From Long Infrared to Very Long Infrared Wavelength Focal Plane Arrays Made with HgCdTe n + n ?/ p Ion Implantation Technology

This paper aims at studying the feasibility of very long infrared wavelength (VLWIR) (12–18 μm) focal plane arrays using n-on-p planar ion-implanted technology. To explore and analyze the feasibility of such VLWIR detectors, a set of four Cd _x Hg_1−x Te LPE layers with an 18 μ cutoff at 50 K has been processed at Defir (LETI/LIR–Sofradir joint laboratory), using both our “standard” n-on-p process and our improved low dark current process. Several 320 × 256 arrays, 30-μm pitch, have been hybridized on standard Sofradir readout circuits and tested. Small dimension test arrays characterization is also presented.

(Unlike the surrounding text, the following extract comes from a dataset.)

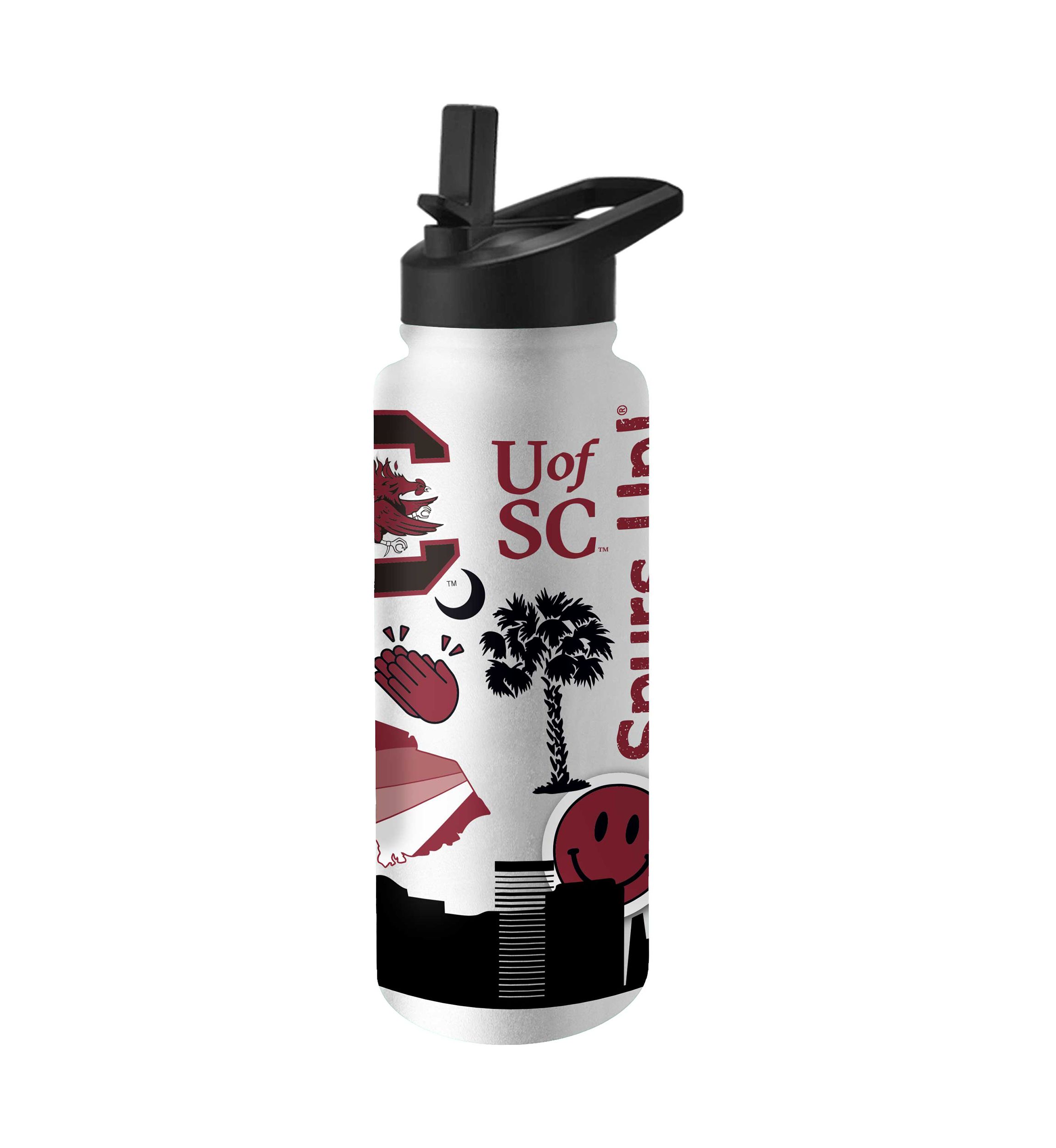 NCAA South Carolina Gamecocks 34 Ounce Quencher Bottle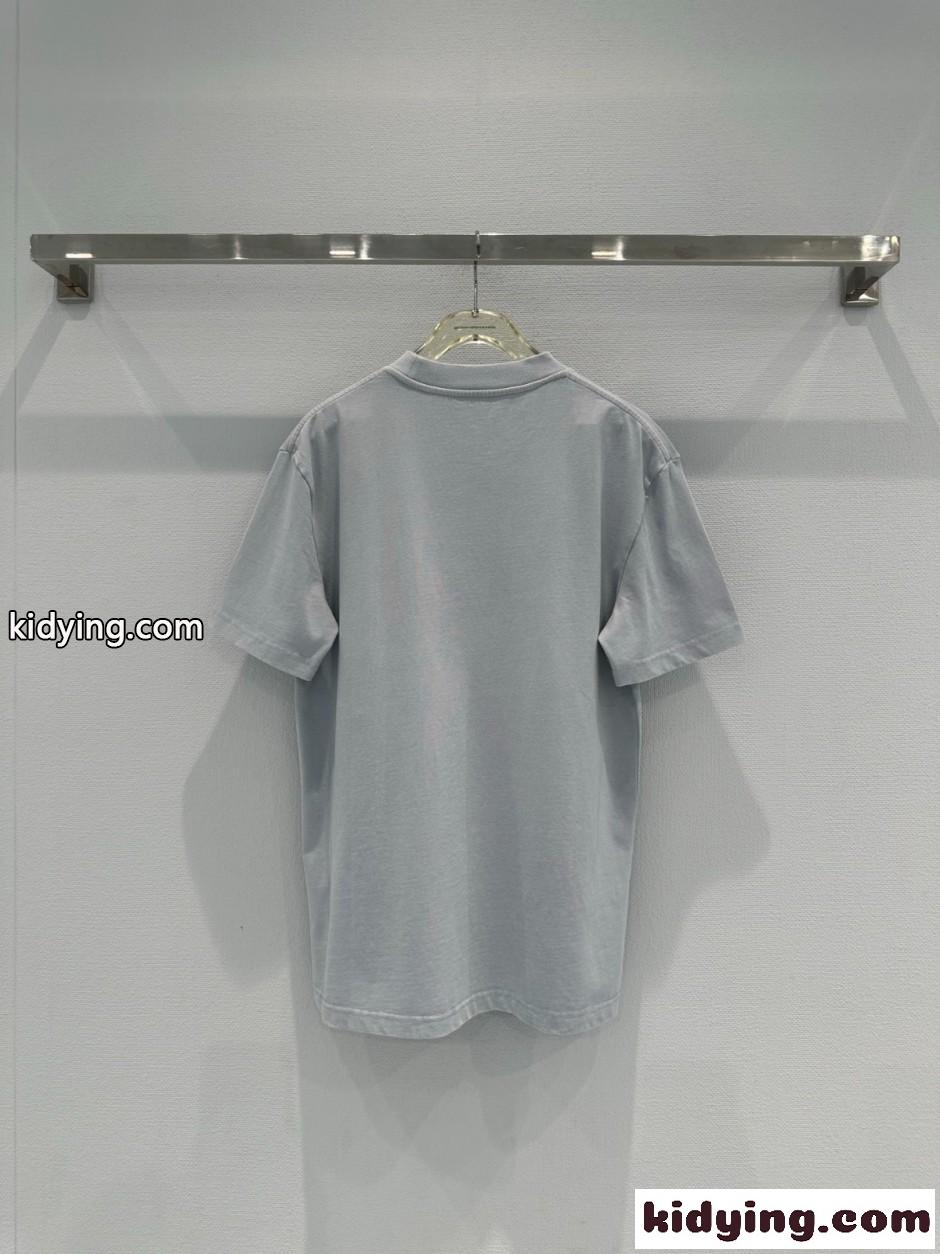 ユニセックス ロゴ入り 半袖Tシャツ アレキサンダーワング Tシャツ コピー グレー-4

Measured photonic currents with a 20°C black body suggest an internal quantum efficiency above 50%. Typical I(V) curves and thermal evolution of the saturation current are discussed, showing that standard photodiodes remain diffusion limited at low biases for temperatures down to 30 K. Moreover, the dark current gain brought by the improved process is clearly visible for temperatures higher than 40 K. Noise measurements are also discussed showing that a very large majority of detectors appeared background limited under usual illumination and biases. In our opinion, such results demonstrate the feasibility of high-performance complex focal plane arrays in the VLWIR range at medium term.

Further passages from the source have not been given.